Hydroxyurea (HU) is known to increase gamma-globin chain expression in postnatal life. The efficacy of HU treatment in thalassemia patients is still unclear. The aim of this study was to monitor treatment of a large cohort of patients with beta-thalassemia major in order to establish the response to HU and the associated elements.


HU therapy was started in 133 patients diagnosed with transfusion-dependent beta-thalassemia in 1999. The molecular background of the disease, the polymorphisms of the promoter region of the genes, the haplotype of the beta-globin gene cluster, the alpha-gene deletions and the HS2 polymorphism at the locus control region (LCR) of the beta-globin gene cluster were studied.
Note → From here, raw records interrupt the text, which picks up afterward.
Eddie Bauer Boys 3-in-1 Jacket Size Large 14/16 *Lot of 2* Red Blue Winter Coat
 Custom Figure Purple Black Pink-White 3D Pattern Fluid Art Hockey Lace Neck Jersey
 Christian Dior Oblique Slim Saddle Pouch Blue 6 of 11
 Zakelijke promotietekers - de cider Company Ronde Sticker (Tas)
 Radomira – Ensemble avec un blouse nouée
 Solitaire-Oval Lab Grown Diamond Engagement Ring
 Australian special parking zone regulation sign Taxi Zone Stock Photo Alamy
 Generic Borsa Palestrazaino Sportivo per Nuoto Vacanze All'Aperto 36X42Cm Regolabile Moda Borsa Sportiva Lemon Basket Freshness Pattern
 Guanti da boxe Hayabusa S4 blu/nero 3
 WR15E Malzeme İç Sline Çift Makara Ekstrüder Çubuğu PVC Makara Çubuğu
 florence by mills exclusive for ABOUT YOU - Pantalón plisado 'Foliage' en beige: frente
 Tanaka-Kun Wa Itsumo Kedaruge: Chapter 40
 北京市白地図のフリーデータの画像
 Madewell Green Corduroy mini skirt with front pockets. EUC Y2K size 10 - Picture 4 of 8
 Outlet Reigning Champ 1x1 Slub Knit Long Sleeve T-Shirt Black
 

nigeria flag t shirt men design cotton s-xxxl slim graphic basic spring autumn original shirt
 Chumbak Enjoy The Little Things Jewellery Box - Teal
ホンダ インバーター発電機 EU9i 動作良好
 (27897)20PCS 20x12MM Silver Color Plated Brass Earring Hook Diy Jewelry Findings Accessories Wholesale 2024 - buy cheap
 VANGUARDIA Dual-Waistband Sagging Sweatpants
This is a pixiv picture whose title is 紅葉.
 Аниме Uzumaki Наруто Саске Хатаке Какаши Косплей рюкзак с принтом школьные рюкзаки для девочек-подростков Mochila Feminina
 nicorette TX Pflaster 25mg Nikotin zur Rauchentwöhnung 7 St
We were able to classify three categories of response: a good response (61%) in patients who shifted from monthly blood transfusion dependency to a stable transfusion-free condition at an average Hb level of more than 10 gm/dL; a moderate response (23%) in patients who remained transfusion dependent but at longer intervals (6 months or more), and non response in patients who, after one year of treatment, remained at the same level of transfusion dependency. The correlations with the molecular defects were found to be secondary to the presence of the (C-->T) at -158 of the Ggamma gene (XmnI polymorphism). The T allele, in linkage to the haplotype I (+----) and to the internal beta-globin gene framework 2, was the most significant modulating factor involved.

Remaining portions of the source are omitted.